7. Mme C... a été admise au bénéfice de l'aide juridictionnelle partielle au taux de 55%. Par suite, son avocat peut se prévaloir des dispositions combinées de l'article L. 761-1 du code de justice administrative et de l'article 37 alinéa 2 de la loi du 10 juillet 1991. Il y a lieu, dans les circonstances de l'espèce, sous réserve que Me Badji Ouali, avocat de Mme C..., renonce à percevoir la somme correspondant à la part contributive de l'Etat, de mettre à la charge de l'Etat le versement à cet avocat d'une somme de 650 euros.
D E C I D E :
Article 1er : Le jugement du tribunal administratif de Montpellier n° 2201447 du 30 juin 2022 et l'arrêté du préfet de l'Hérault du 8 février 2022 sont annulés.
Article 2 : Il est enjoint au préfet de l'Hérault de délivrer à Mme C... un titre de séjour portant la mention " vie privée et familiale " dans le délai de deux mois à compter de la notification du présent arrêt, sous réserve d'un changement des circonstances de fait ou de droit.
Article 3 : L'Etat versera à Me Badji Ouali, avocat de Mme C... une somme de 650 (six cent cinquante) euros sous réserve que cet avocat renonce à percevoir la part contributive de l'Etat.
Article 4 : Le surplus des conclusions de Mme C... est rejeté.
Article 5 : Le présent arrêt sera notifié à Mme A... C..., au préfet de l'Hérault, au ministre de l'intérieur et à Me Badji Ouali.

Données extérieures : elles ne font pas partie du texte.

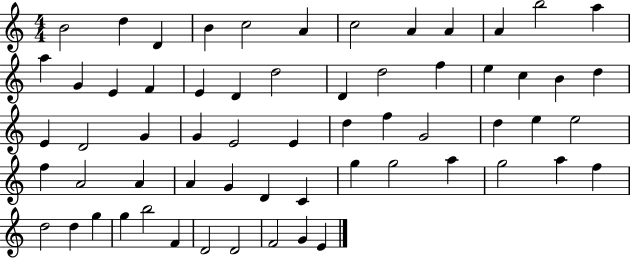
B4/h D5/q D4/q B4/q C5/h A4/q C5/h A4/q A4/q A4/q B5/h A5/q A5/q G4/q E4/q F4/q E4/q D4/q D5/h D4/q D5/h F5/q E5/q C5/q B4/q D5/q E4/q D4/h G4/q G4/q E4/h E4/q D5/q F5/q G4/h D5/q E5/q E5/h F5/q A4/h A4/q A4/q G4/q D4/q C4/q G5/q G5/h A5/q G5/h A5/q F5/q D5/h D5/q G5/q G5/q B5/h F4/q D4/h D4/h F4/h G4/q E4/q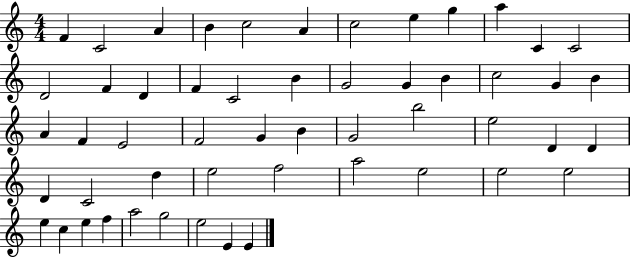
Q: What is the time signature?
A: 4/4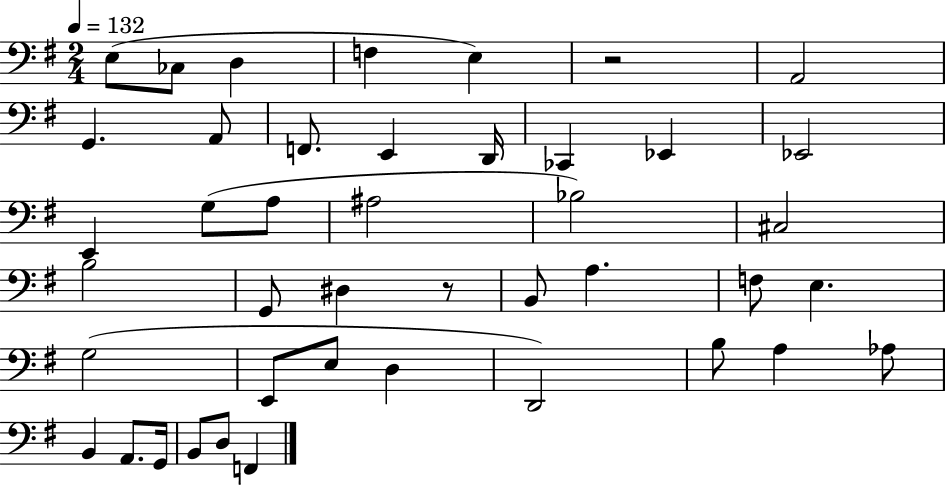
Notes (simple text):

E3/e CES3/e D3/q F3/q E3/q R/h A2/h G2/q. A2/e F2/e. E2/q D2/s CES2/q Eb2/q Eb2/h E2/q G3/e A3/e A#3/h Bb3/h C#3/h B3/h G2/e D#3/q R/e B2/e A3/q. F3/e E3/q. G3/h E2/e E3/e D3/q D2/h B3/e A3/q Ab3/e B2/q A2/e. G2/s B2/e D3/e F2/q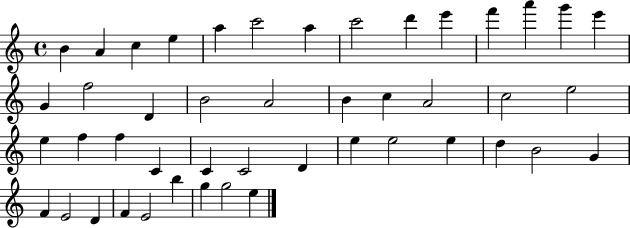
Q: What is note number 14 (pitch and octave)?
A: E6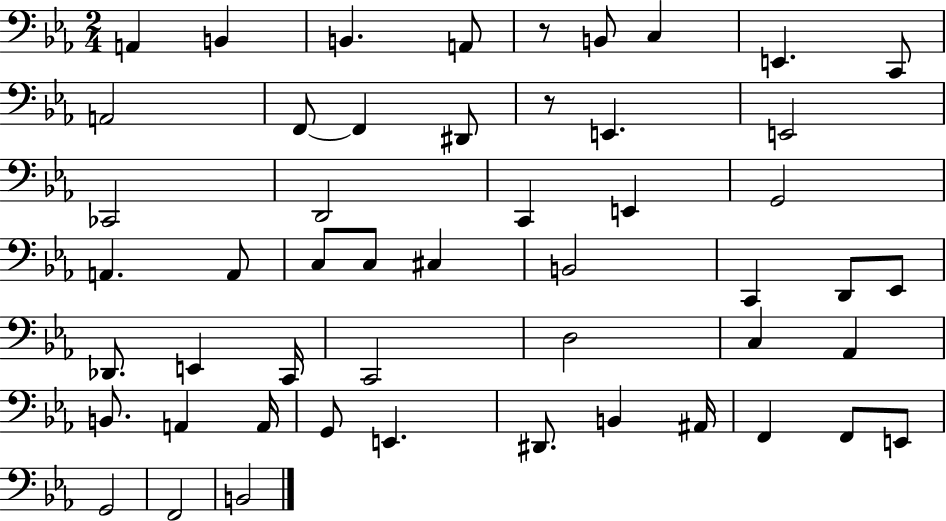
X:1
T:Untitled
M:2/4
L:1/4
K:Eb
A,, B,, B,, A,,/2 z/2 B,,/2 C, E,, C,,/2 A,,2 F,,/2 F,, ^D,,/2 z/2 E,, E,,2 _C,,2 D,,2 C,, E,, G,,2 A,, A,,/2 C,/2 C,/2 ^C, B,,2 C,, D,,/2 _E,,/2 _D,,/2 E,, C,,/4 C,,2 D,2 C, _A,, B,,/2 A,, A,,/4 G,,/2 E,, ^D,,/2 B,, ^A,,/4 F,, F,,/2 E,,/2 G,,2 F,,2 B,,2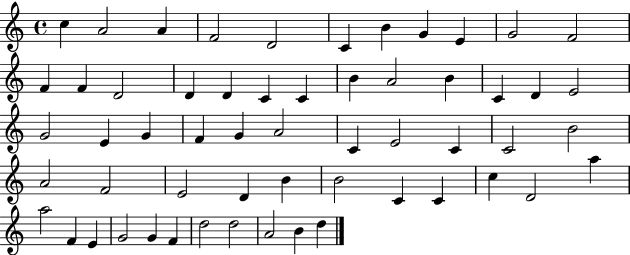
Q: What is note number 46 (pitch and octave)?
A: A5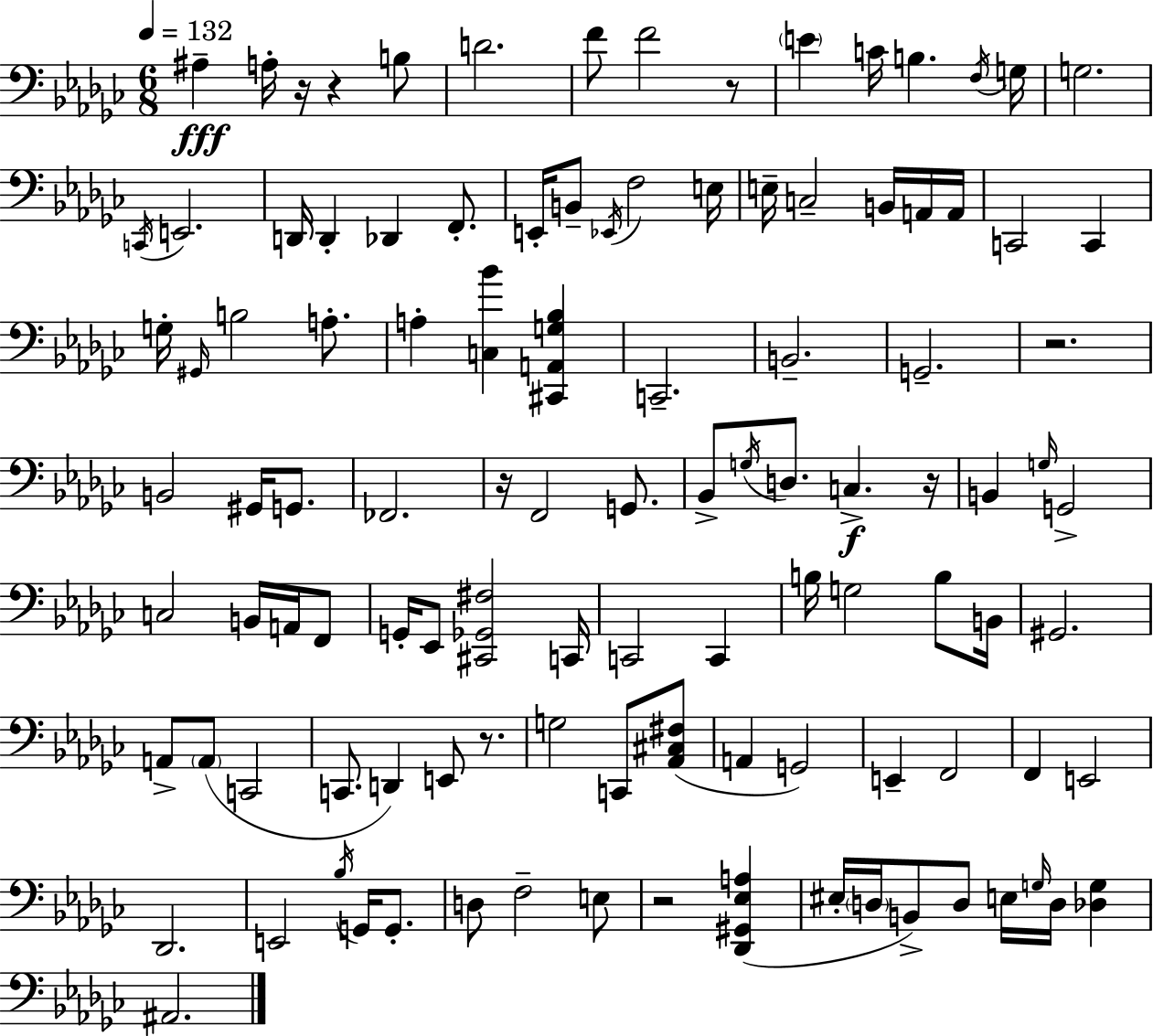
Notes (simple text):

A#3/q A3/s R/s R/q B3/e D4/h. F4/e F4/h R/e E4/q C4/s B3/q. F3/s G3/s G3/h. C2/s E2/h. D2/s D2/q Db2/q F2/e. E2/s B2/e Eb2/s F3/h E3/s E3/s C3/h B2/s A2/s A2/s C2/h C2/q G3/s G#2/s B3/h A3/e. A3/q [C3,Bb4]/q [C#2,A2,G3,Bb3]/q C2/h. B2/h. G2/h. R/h. B2/h G#2/s G2/e. FES2/h. R/s F2/h G2/e. Bb2/e G3/s D3/e. C3/q. R/s B2/q G3/s G2/h C3/h B2/s A2/s F2/e G2/s Eb2/e [C#2,Gb2,F#3]/h C2/s C2/h C2/q B3/s G3/h B3/e B2/s G#2/h. A2/e A2/e C2/h C2/e. D2/q E2/e R/e. G3/h C2/e [Ab2,C#3,F#3]/e A2/q G2/h E2/q F2/h F2/q E2/h Db2/h. E2/h Bb3/s G2/s G2/e. D3/e F3/h E3/e R/h [Db2,G#2,Eb3,A3]/q EIS3/s D3/s B2/e D3/e E3/s G3/s D3/s [Db3,G3]/q A#2/h.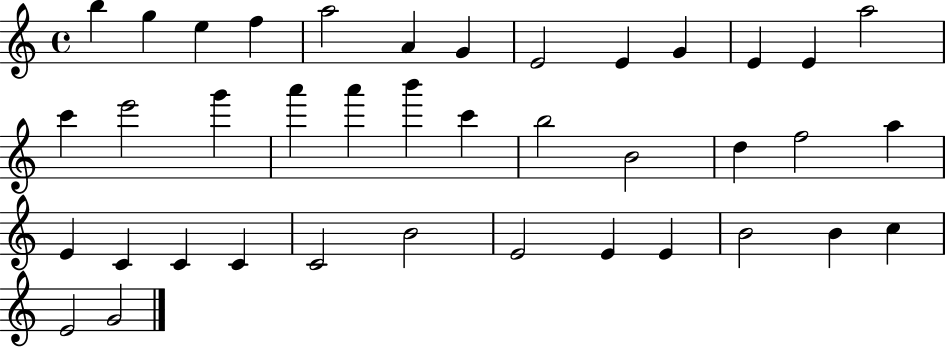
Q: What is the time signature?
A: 4/4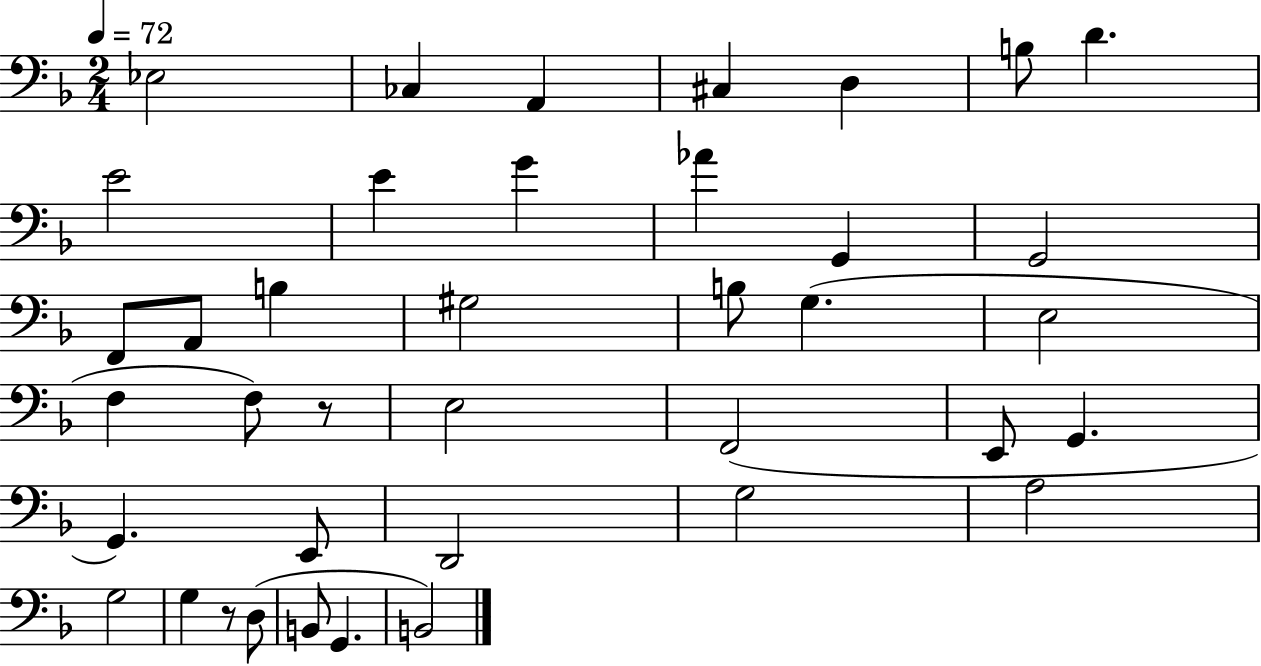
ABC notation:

X:1
T:Untitled
M:2/4
L:1/4
K:F
_E,2 _C, A,, ^C, D, B,/2 D E2 E G _A G,, G,,2 F,,/2 A,,/2 B, ^G,2 B,/2 G, E,2 F, F,/2 z/2 E,2 F,,2 E,,/2 G,, G,, E,,/2 D,,2 G,2 A,2 G,2 G, z/2 D,/2 B,,/2 G,, B,,2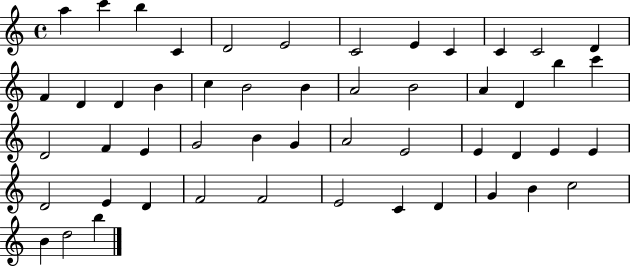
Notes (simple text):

A5/q C6/q B5/q C4/q D4/h E4/h C4/h E4/q C4/q C4/q C4/h D4/q F4/q D4/q D4/q B4/q C5/q B4/h B4/q A4/h B4/h A4/q D4/q B5/q C6/q D4/h F4/q E4/q G4/h B4/q G4/q A4/h E4/h E4/q D4/q E4/q E4/q D4/h E4/q D4/q F4/h F4/h E4/h C4/q D4/q G4/q B4/q C5/h B4/q D5/h B5/q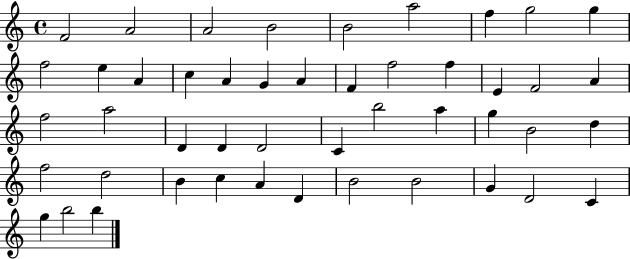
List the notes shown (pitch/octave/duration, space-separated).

F4/h A4/h A4/h B4/h B4/h A5/h F5/q G5/h G5/q F5/h E5/q A4/q C5/q A4/q G4/q A4/q F4/q F5/h F5/q E4/q F4/h A4/q F5/h A5/h D4/q D4/q D4/h C4/q B5/h A5/q G5/q B4/h D5/q F5/h D5/h B4/q C5/q A4/q D4/q B4/h B4/h G4/q D4/h C4/q G5/q B5/h B5/q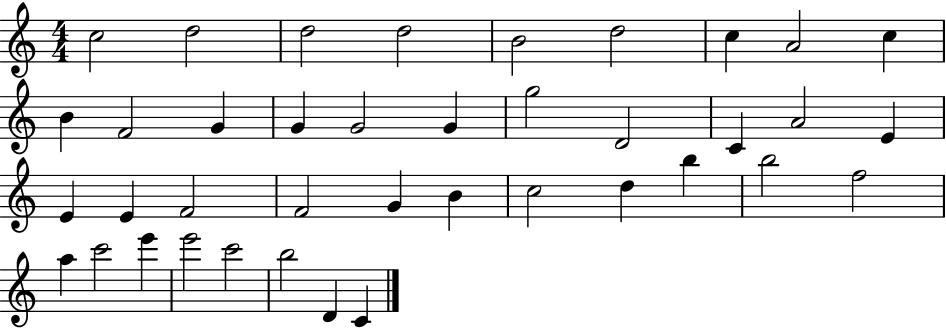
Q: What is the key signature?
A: C major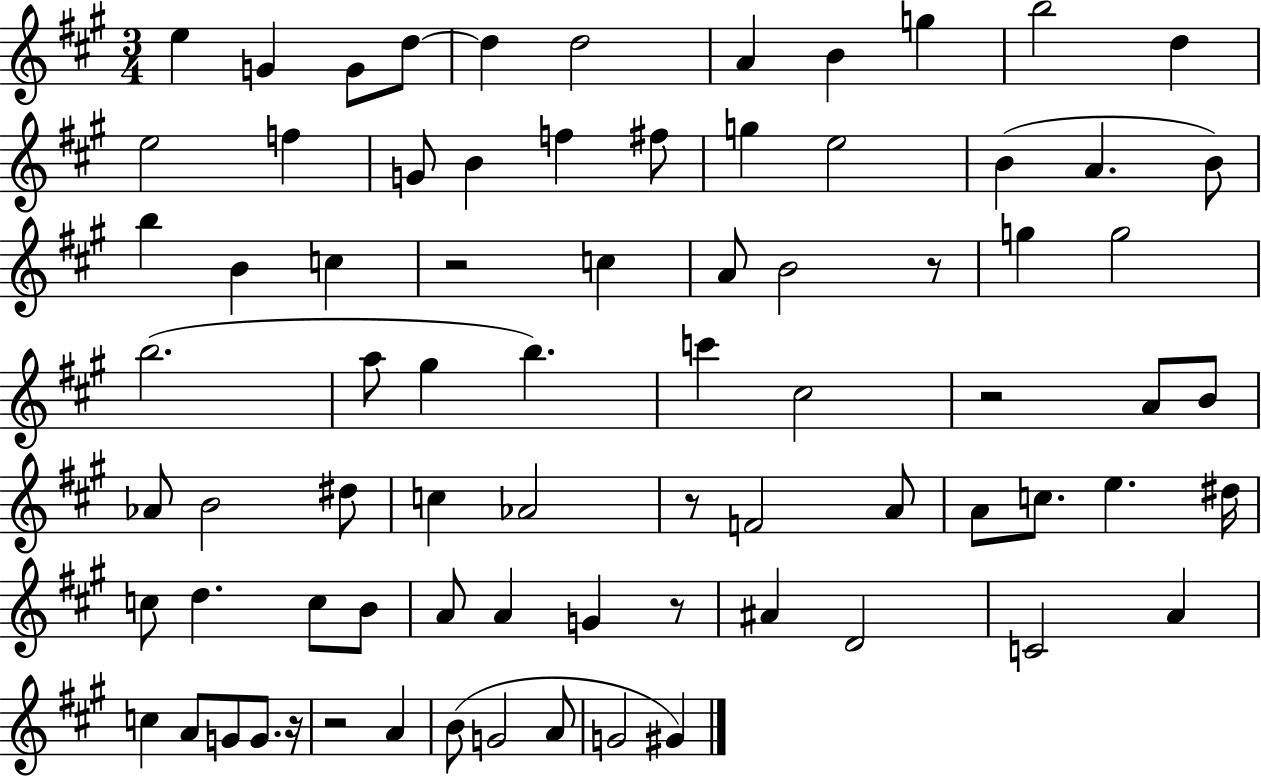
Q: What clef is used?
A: treble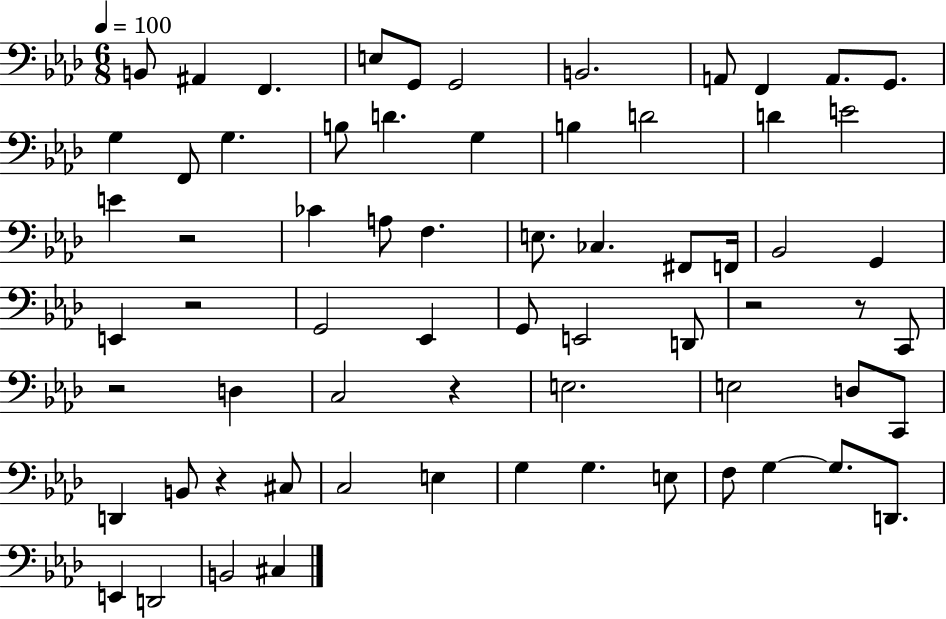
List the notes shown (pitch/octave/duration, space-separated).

B2/e A#2/q F2/q. E3/e G2/e G2/h B2/h. A2/e F2/q A2/e. G2/e. G3/q F2/e G3/q. B3/e D4/q. G3/q B3/q D4/h D4/q E4/h E4/q R/h CES4/q A3/e F3/q. E3/e. CES3/q. F#2/e F2/s Bb2/h G2/q E2/q R/h G2/h Eb2/q G2/e E2/h D2/e R/h R/e C2/e R/h D3/q C3/h R/q E3/h. E3/h D3/e C2/e D2/q B2/e R/q C#3/e C3/h E3/q G3/q G3/q. E3/e F3/e G3/q G3/e. D2/e. E2/q D2/h B2/h C#3/q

Délibéré après l'audience du 24 septembre 2024, à laquelle siégeaient :
Mme Geslan-Demaret, présidente de chambre,
Mme Dumez-Fauchille, première conseillère,
Mme Bentolila, conseillère.
Rendu public par mise à disposition au greffe le 8 octobre 2024.
La rapporteure,
V. Dumez-Fauchille
La présidente,
A. Geslan-Demaret La greffière,
M-M. Maillat
La République mande et ordonne au ministre de l'intérieur en ce qui le concerne, et à tous commissaires de justice à ce requis, en ce qui concerne les voies de droit commun contre les parties privées, de pourvoir à l'exécution du présent arrêt.